We do support result types, they turn into a union in C, a std::variant-wrapper in C++, and an exception in JS

we have a way to return strings that is generic over the requirements of the receiver language

note that we do not have a Python backend but would happily support work to add one if it was desired.

NSoiffer commented 1 year ago

The C, Python, and Java interfaces are currently used by others, so they need to be supported. I also use WASM for a web demo and would like to build the demo on top of a JS interface instead of the current mess being used (web-sys is vast overkill).

Of course, just because I start using Diplomat for one or two languages, doesn't mean it has to work for others (such as Python).

The documentation on Writeable only covers someone passing in a "String", not Rust code returning Strings. That's where there is some ugliness right now dealing with strings in C since users need to call back to Rust to free it up.

It would be really helpful for me to understand how Diplomat would handle Strings/Result if you could show me the code for

pub fn set_mathml(mathml_str: String) -> Result<String> {...}

The current C code is

pub extern "C" fn SetMathML(mathml_str: *const c_char) -> *const c_char {
    return set_string_error(
        set_mathml(safe_string(mathml_str))
    );
}

The current interface returns an empty string to indicate an error and GetError() is called to get the error string.
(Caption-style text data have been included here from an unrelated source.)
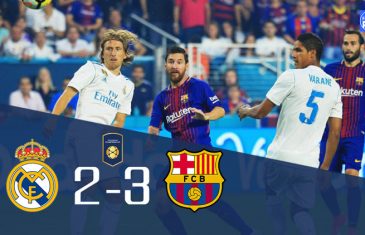 คลิปไฮไลท์อินเตอร์เนชันแนล แชมเปี้ยนส์ คัพ 2017 เรอัล มาดริด 2-3 บาร์เซโลน่า Real Madrid 2-3 Barcelona
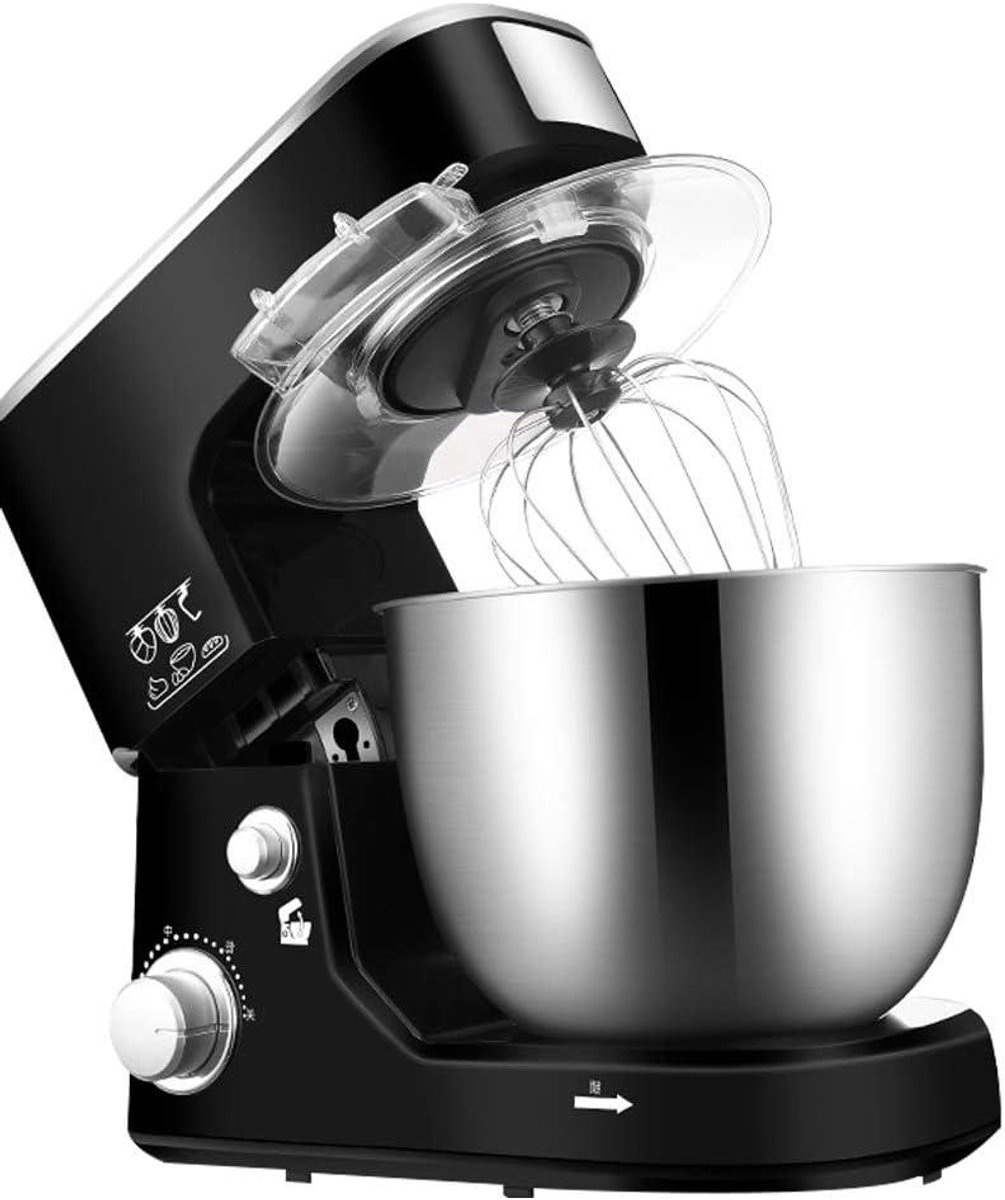 Kneedmachine voor thuis - Keukenmachine Garde - Zelf bakken maken - 1000W Krachtige Motor - 5 liter inhoud - Zwart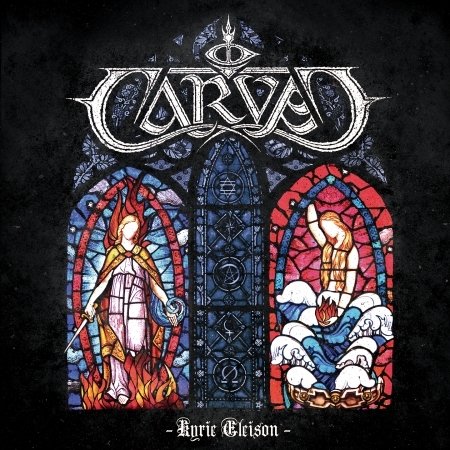 Cover for Carved · Kyrie Eleison (CD) (2016)
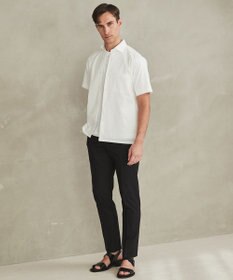 GOTAIRIKU リラックスシルエット【高通気性/吸水速乾】ドッツエアー クールマックスサッカーシャツ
FreeMathCATString() needed to be called to free any string. All pretty ugly. It sounds like Diplomat will simplify this.

With pyo3, there is none of this mess and the calling code acts just as if it were calling a python function.

What does the Rust/Diplomat code look like for set_mathml and what would the calling C code look like?

sffc commented 1 year ago

Returning strings "just works" in backends that support returning allocated strings (i.e. C++ but not C).
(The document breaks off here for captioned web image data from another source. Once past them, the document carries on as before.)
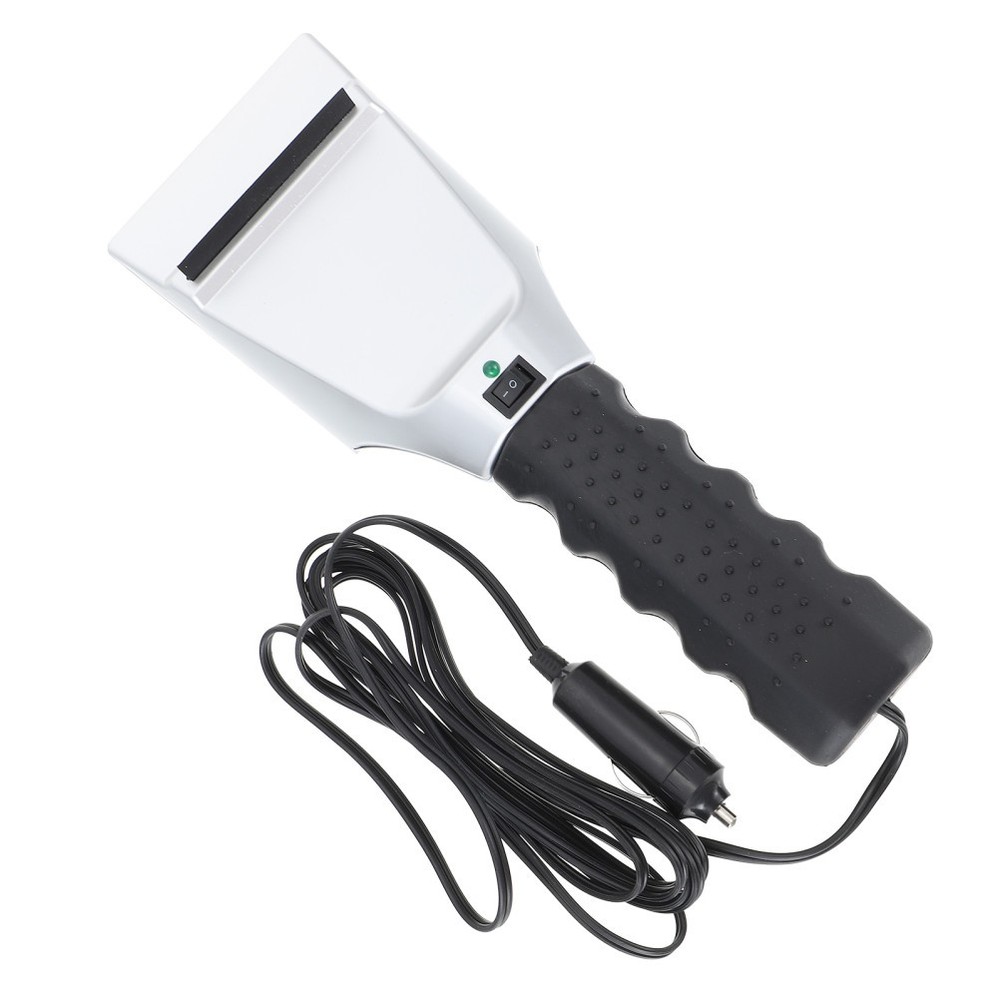 12 V Ice Scraping Machine Defroster for Car Windshield Snow Removal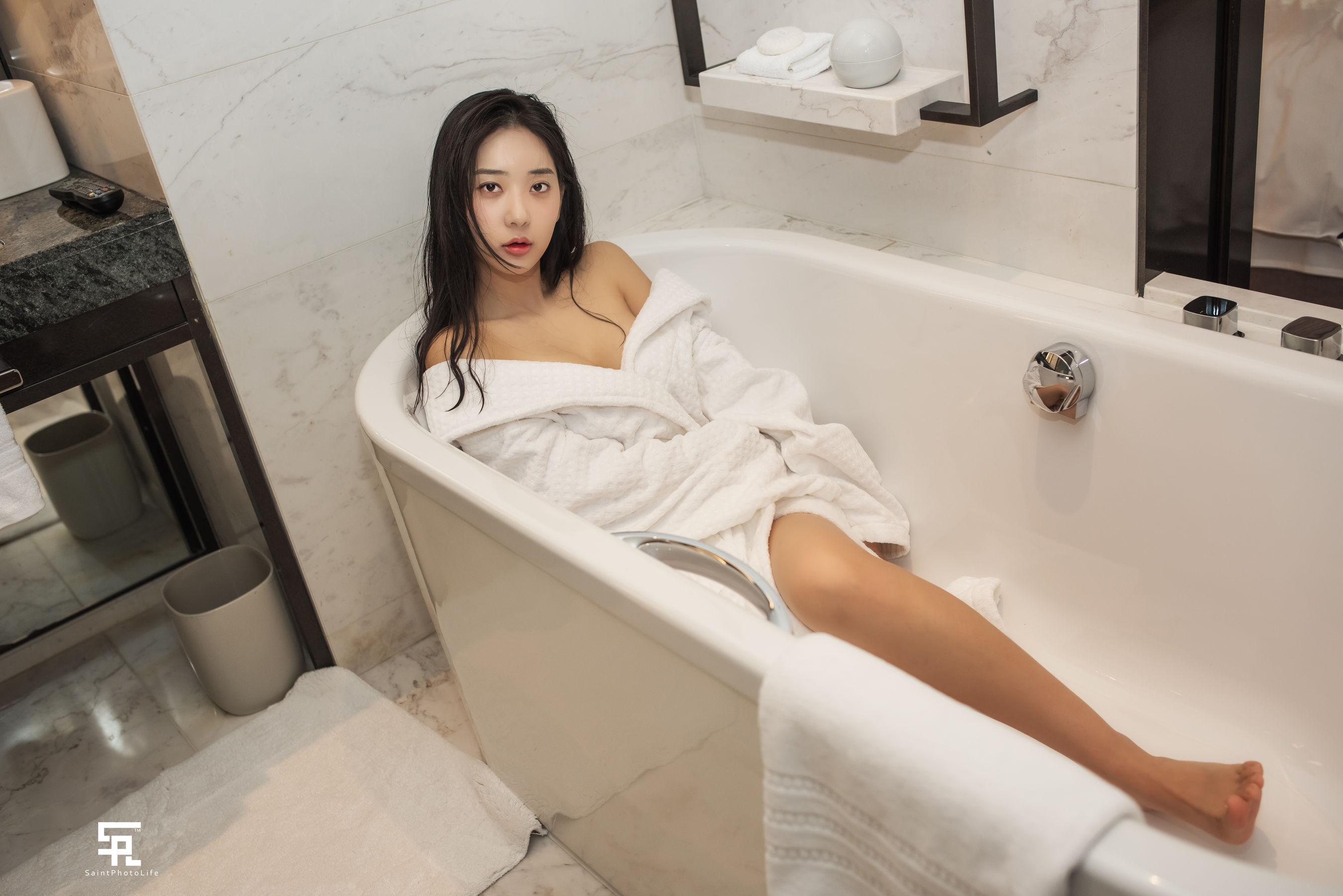 [saintphotolife] 韩国妹子申才恩(Zennyrt) – OL 日韩写真-第15张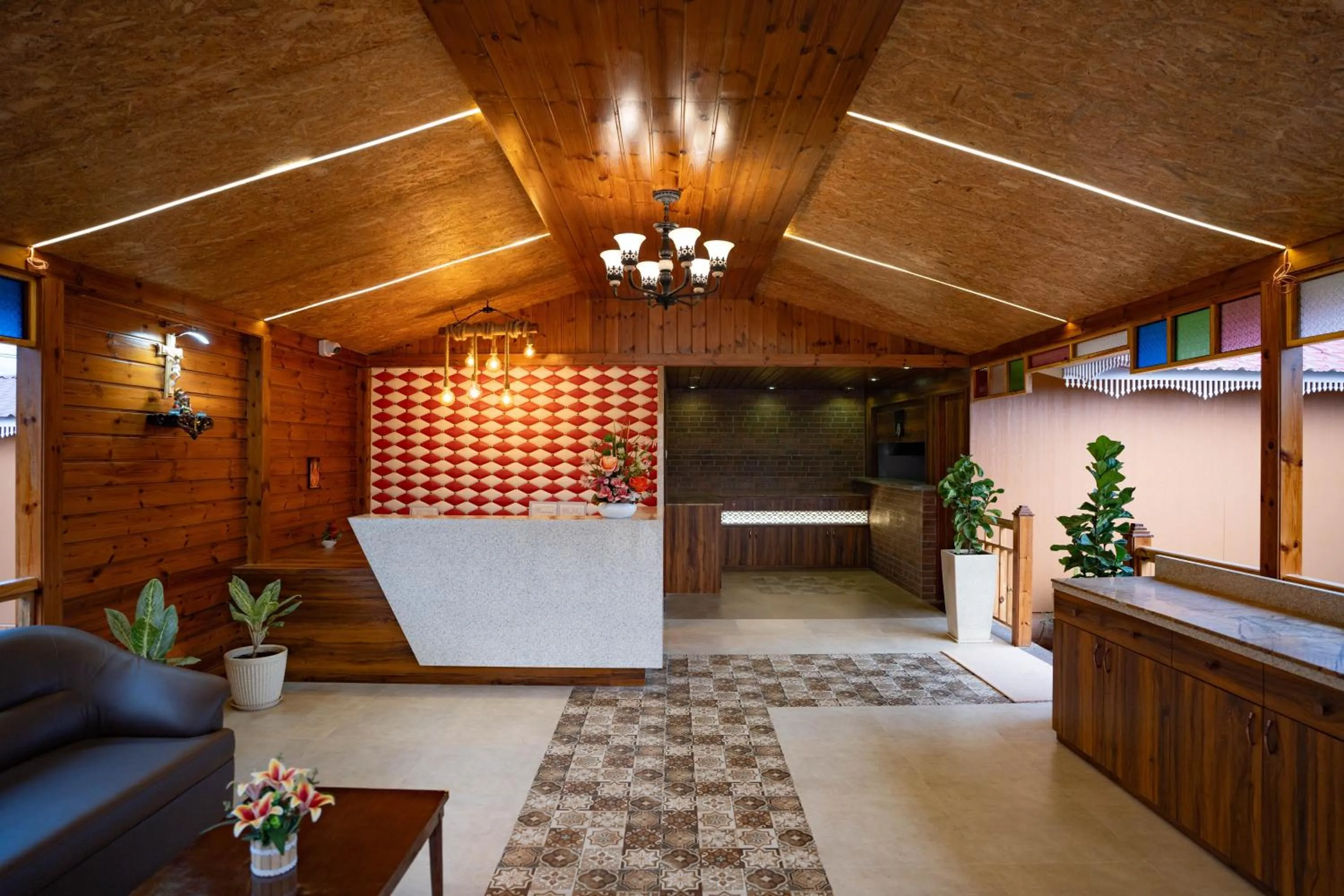 Lobby or reception in Grace Exotica Goa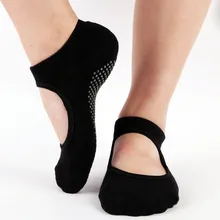 40, женские ботильоны, носки для танцев, для занятий спортом, пилатеса Нескользящие ручки для балета короткие носки Skarpetki Stopki; искусственная кожа; Прямая(дропшиппинг); Damskie корейский стиль Для женщин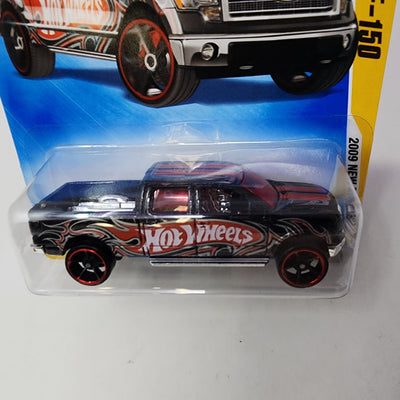 Ford F-150 #11 * BLACK * Hot Wheels 2009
https://github.com/rust-diplomat/diplomat/blob/main/example/src/fixed_decimal.rs#L23

        #[diplomat::rust_link(fixed_decimal::FixedDecimal::write_to, FnInStruct)]
        pub fn to_string(&self, to: &mut DiplomatWriteable) -> Result<(), ()> {

generates this C++:

inline diplomat::result<std::string, std::monostate> ICU4XFixedDecimal::to_string() const {
Manishearth commented 1 year ago

The documentation on Writeable only covers someone passing in a "String", not Rust code returning Strings. That's where there is some ugliness right now dealing with strings in C since users need to call back to Rust to free it up.

No, Writeable is about Rust code returning strings, the Writeable type is about passing in strings (that can then be sent to other languages)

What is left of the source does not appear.